When you reach the line that holds "Used 2025 Jeep", start copying exactly and keep going through the final line of the data, leaving out pictures.

————————

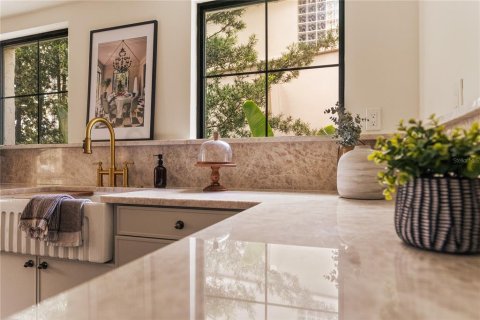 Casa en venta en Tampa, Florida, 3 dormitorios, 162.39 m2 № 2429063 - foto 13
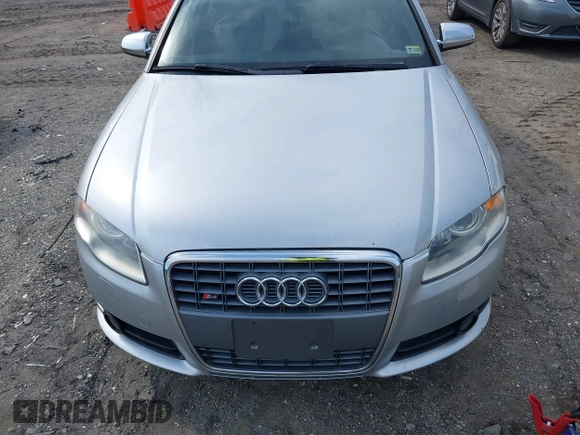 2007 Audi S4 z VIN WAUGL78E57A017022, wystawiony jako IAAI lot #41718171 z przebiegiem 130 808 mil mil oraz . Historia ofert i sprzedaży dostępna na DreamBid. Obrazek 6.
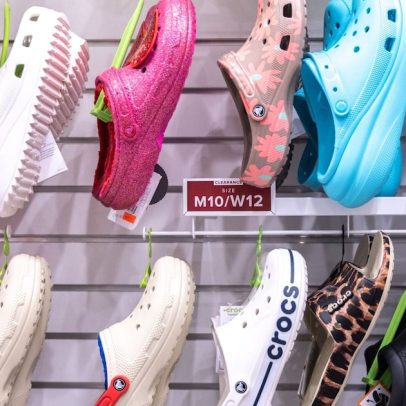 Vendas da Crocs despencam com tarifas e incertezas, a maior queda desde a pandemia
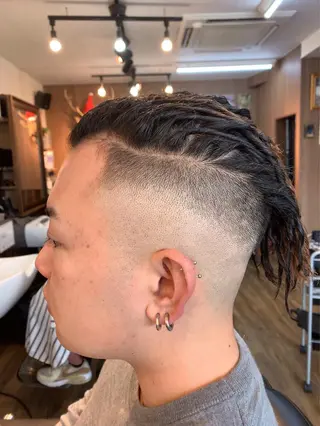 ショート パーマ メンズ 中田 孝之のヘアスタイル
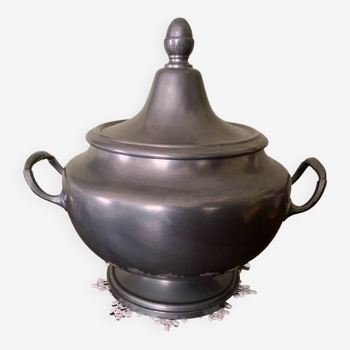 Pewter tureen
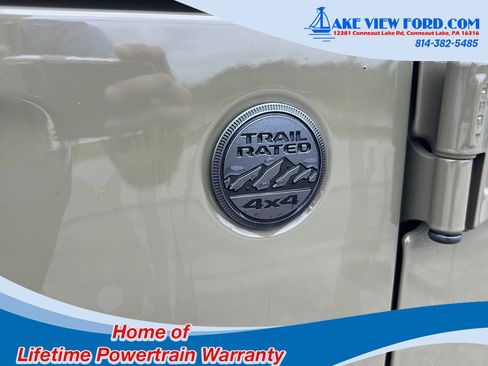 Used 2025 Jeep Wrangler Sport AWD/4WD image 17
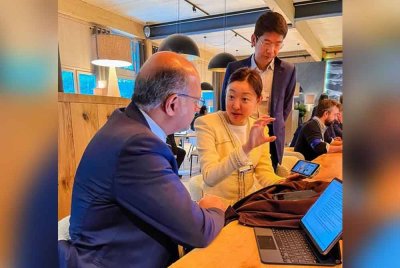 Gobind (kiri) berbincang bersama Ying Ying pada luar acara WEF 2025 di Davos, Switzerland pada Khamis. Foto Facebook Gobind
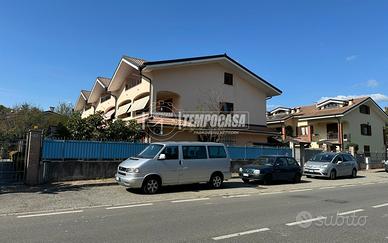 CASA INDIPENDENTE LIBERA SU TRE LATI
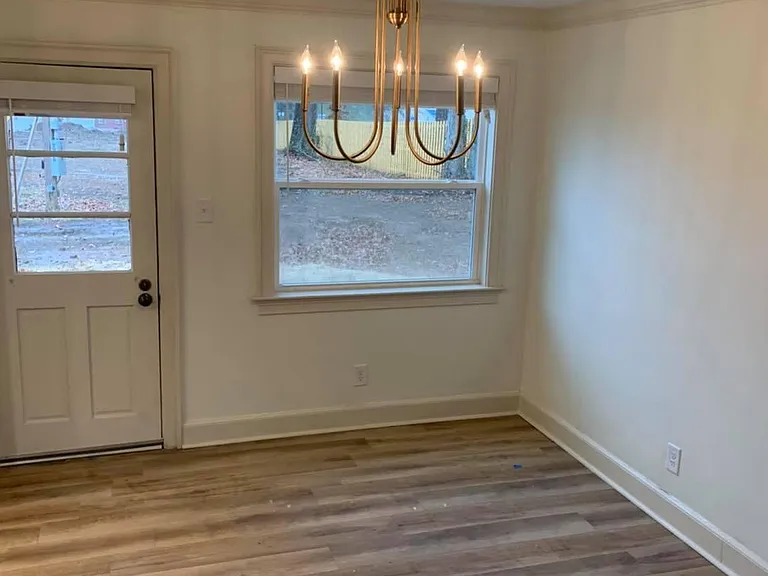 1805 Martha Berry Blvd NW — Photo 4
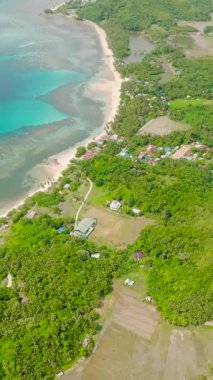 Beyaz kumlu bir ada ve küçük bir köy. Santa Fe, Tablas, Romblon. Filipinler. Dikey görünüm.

————————

» **SOLUTION**
 Used 2025 Jeep Wrangler Sport AWD/4WD image 17
 Gobind (kiri) berbincang bersama Ying Ying pada luar acara WEF 2025 di Davos, Switzerland pada Khamis. Foto Facebook Gobind
 CASA INDIPENDENTE LIBERA SU TRE LATI
 1805 Martha Berry Blvd NW — Photo 4
 Beyaz kumlu bir ada ve küçük bir köy. Santa Fe, Tablas, Romblon. Filipinler. Dikey görünüm.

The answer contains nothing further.